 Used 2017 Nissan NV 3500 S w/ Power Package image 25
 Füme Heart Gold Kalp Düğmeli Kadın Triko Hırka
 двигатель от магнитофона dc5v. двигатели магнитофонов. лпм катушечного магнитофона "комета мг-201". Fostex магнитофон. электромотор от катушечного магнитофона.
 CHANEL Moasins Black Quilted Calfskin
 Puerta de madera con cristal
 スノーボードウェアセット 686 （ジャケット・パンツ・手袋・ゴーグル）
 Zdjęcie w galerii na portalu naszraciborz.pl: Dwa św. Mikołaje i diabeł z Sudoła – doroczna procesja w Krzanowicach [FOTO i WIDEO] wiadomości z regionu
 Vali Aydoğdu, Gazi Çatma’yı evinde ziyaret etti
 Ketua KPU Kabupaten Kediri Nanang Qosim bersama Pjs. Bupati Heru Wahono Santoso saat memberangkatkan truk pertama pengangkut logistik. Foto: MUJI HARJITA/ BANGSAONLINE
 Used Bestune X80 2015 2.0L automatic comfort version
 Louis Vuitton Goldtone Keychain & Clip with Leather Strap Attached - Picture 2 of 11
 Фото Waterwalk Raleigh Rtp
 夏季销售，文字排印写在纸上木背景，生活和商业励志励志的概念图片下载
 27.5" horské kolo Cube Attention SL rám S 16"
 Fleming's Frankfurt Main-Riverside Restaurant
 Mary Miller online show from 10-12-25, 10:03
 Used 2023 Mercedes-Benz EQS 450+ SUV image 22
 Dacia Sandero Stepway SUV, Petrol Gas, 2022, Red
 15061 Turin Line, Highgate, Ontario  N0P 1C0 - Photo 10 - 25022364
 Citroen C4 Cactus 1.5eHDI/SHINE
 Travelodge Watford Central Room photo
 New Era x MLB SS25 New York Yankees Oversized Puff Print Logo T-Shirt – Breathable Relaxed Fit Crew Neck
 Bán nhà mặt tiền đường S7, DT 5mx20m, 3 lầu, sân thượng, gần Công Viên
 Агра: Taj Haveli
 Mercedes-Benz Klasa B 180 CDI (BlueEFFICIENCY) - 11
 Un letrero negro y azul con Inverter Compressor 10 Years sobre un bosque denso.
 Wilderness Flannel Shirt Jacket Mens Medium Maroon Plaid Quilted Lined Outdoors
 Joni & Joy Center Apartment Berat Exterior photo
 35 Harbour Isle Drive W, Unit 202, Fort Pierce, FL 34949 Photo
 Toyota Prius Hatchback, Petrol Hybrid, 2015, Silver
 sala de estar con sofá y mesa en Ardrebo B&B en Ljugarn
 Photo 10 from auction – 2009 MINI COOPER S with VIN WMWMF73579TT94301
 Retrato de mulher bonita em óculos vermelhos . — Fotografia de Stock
————————
§ **Your instructions**
The answer must consist of every line from the data that contains the word "Shirt".

§ **Finished exercise**
 New Era x MLB SS25 New York Yankees Oversized Puff Print Logo T-Shirt – Breathable Relaxed Fit Crew Neck
 Wilderness Flannel Shirt Jacket Mens Medium Maroon Plaid Quilted Lined Outdoors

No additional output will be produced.